▶ [Exercise requirements] For the records below, please print exactly and only the lines from the one with "an image of a silver purse with a map on it" down to the one with "Bolsa Lady Dior", both ends included, omitting the pictures.

▶ [Source data]
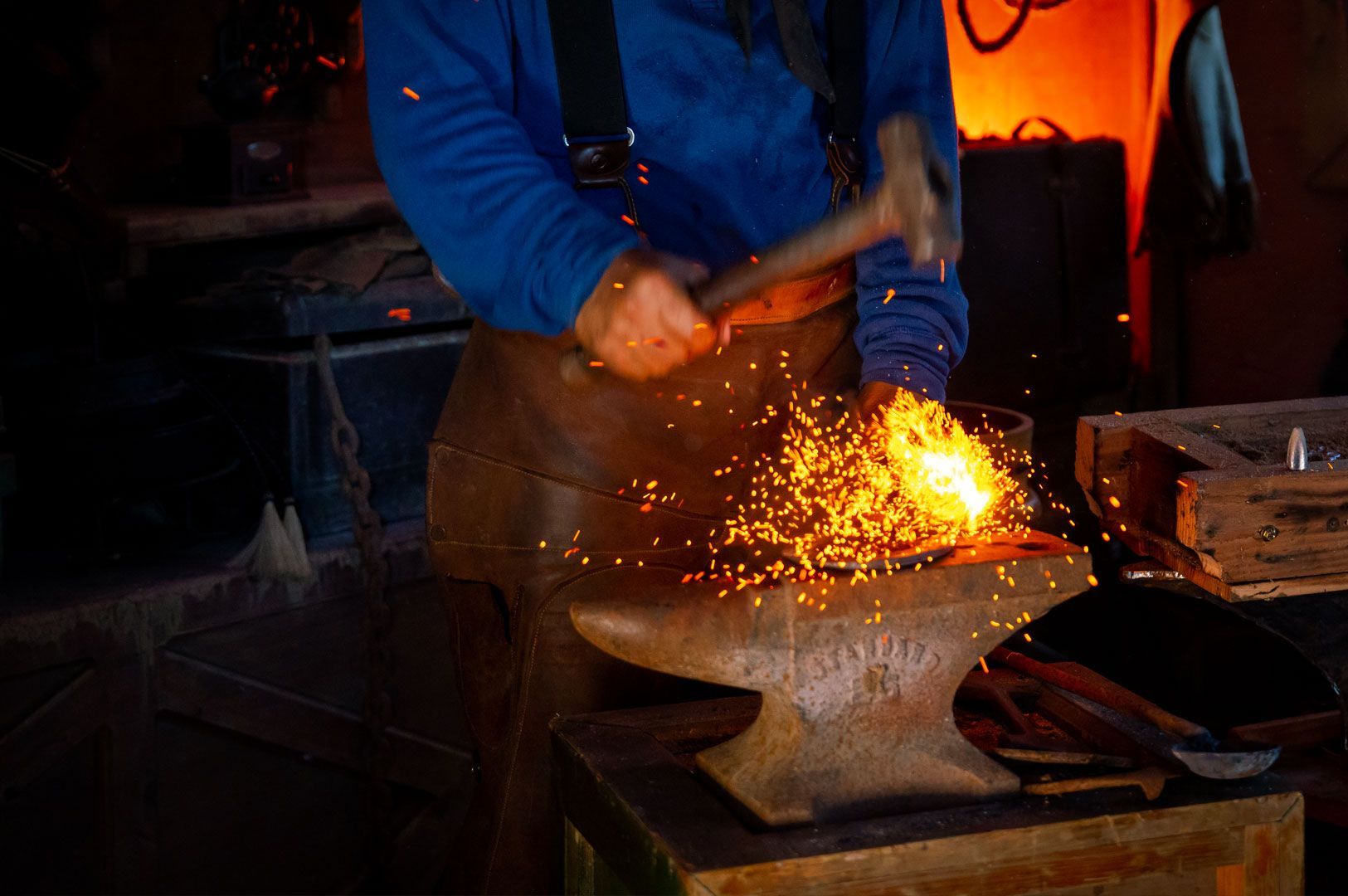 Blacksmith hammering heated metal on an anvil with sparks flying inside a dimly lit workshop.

---

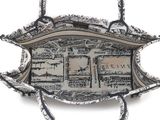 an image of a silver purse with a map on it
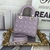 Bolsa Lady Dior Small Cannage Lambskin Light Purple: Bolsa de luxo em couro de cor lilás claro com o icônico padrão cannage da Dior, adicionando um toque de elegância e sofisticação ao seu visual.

▶ [Answer for this exercise]
 an image of a silver purse with a map on it
 Bolsa Lady Dior Small Cannage Lambskin Light Purple: Bolsa de luxo em couro de cor lilás claro com o icônico padrão cannage da Dior, adicionando um toque de elegância e sofisticação ao seu visual.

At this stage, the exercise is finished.